Stored data ::

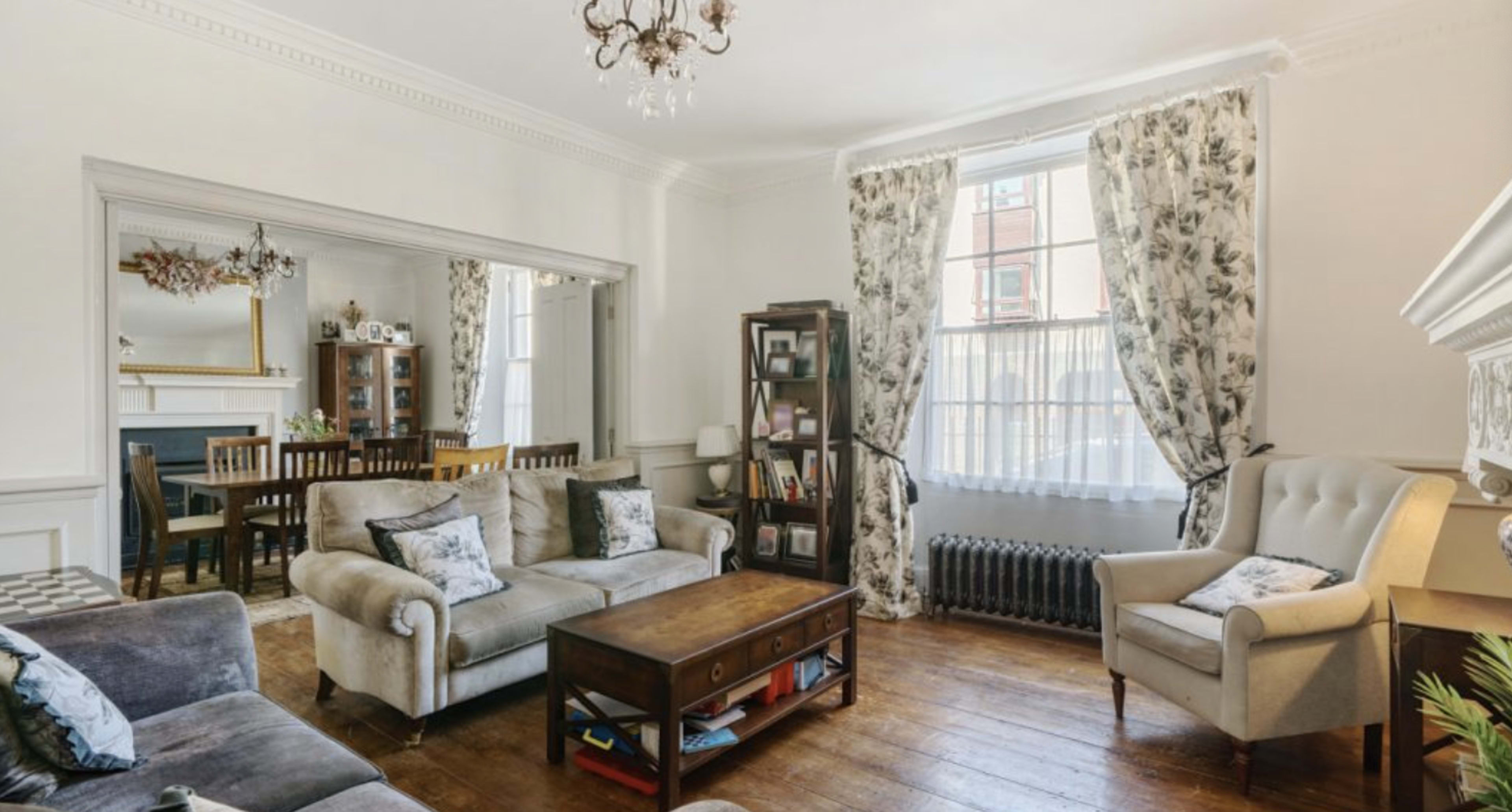 A spacious living room features a mix of light and dark furniture, a wooden coffee table, and large windows with floral curtains.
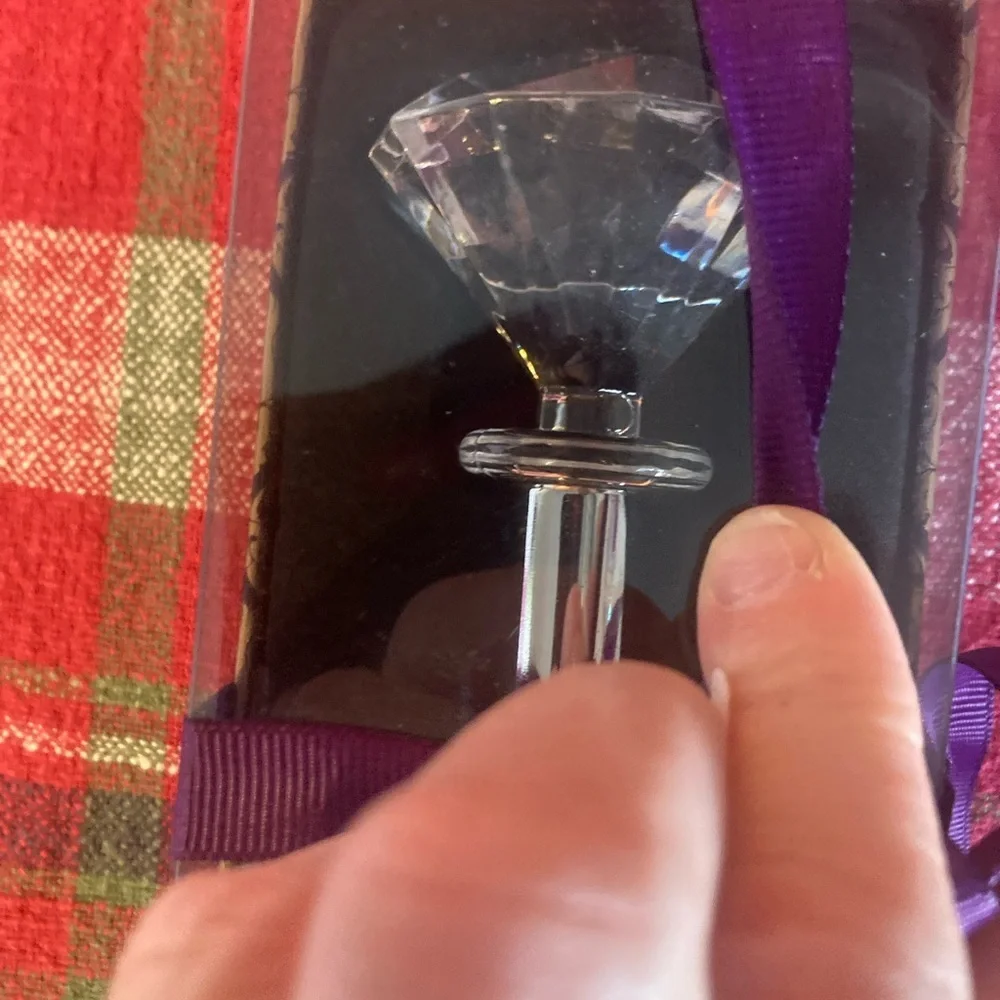 Faux diamond bottle opener. New in box. Super cute & Would make a great gift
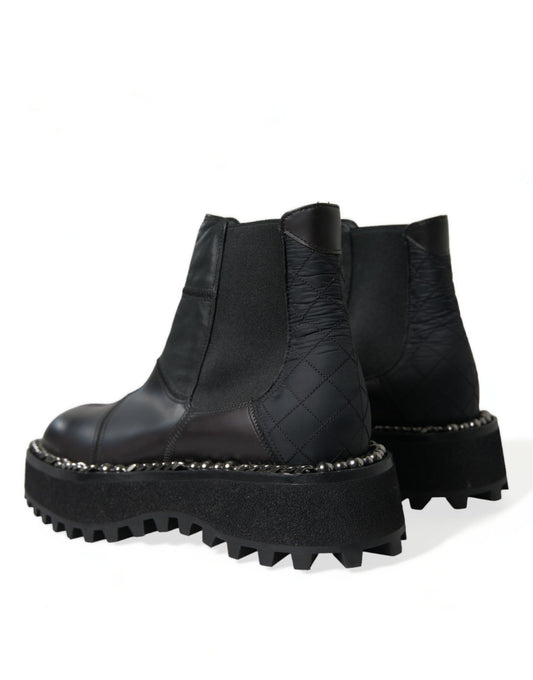 Pair of black ankle boots with chunky heels and silver studs on soles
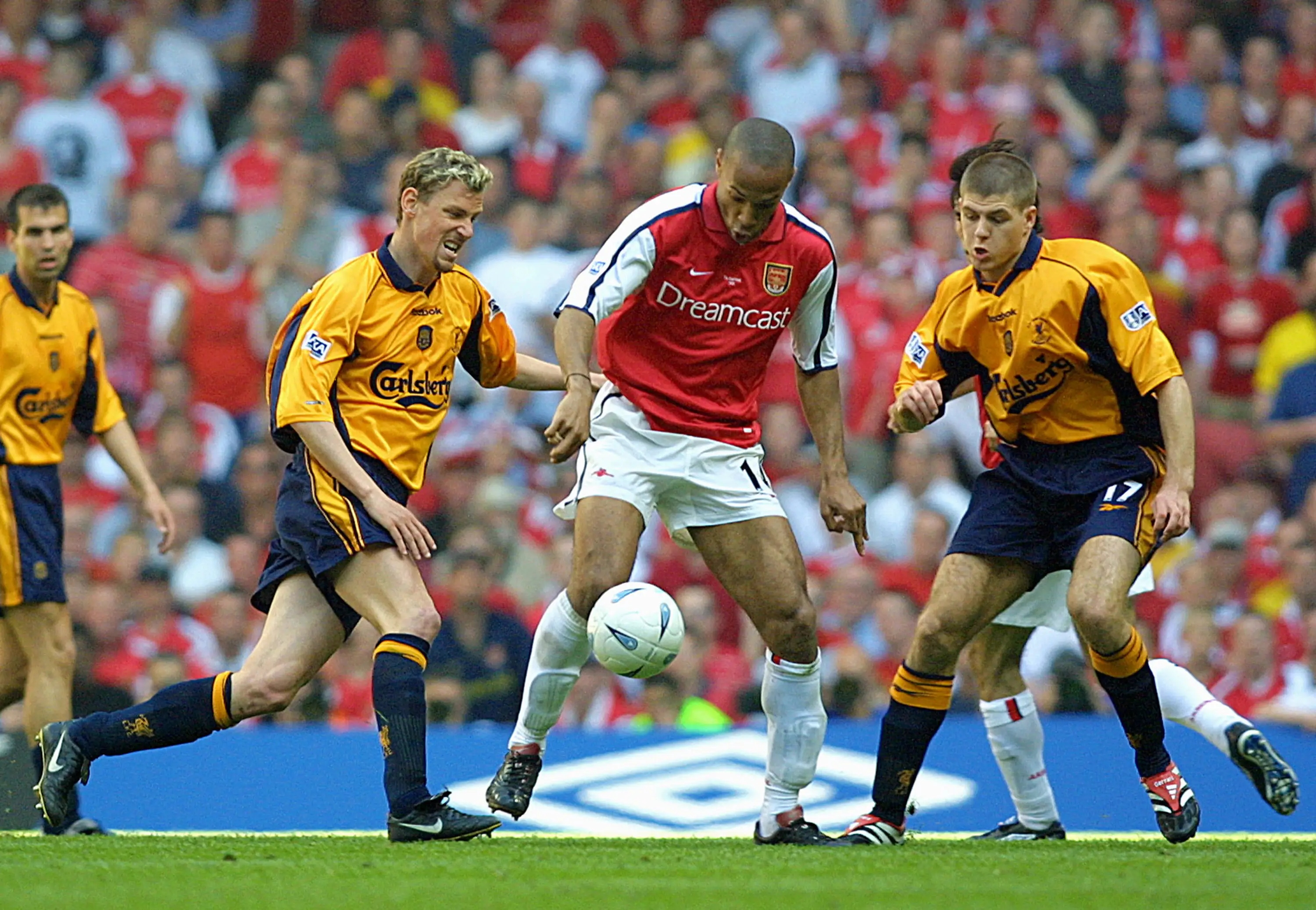 Stephan Henchoz of Liverpool, Thierry Henry of Arsenal and Garrard of Liverpool challenge during the Axa FA Cup Final (Getty Images)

Assignment ::
Drop the images and repeat the data exactly.

The completed task ::
 A spacious living room features a mix of light and dark furniture, a wooden coffee table, and large windows with floral curtains.
 Faux diamond bottle opener. New in box. Super cute & Would make a great gift
 Pair of black ankle boots with chunky heels and silver studs on soles
 Stephan Henchoz of Liverpool, Thierry Henry of Arsenal and Garrard of Liverpool challenge during the Axa FA Cup Final (Getty Images)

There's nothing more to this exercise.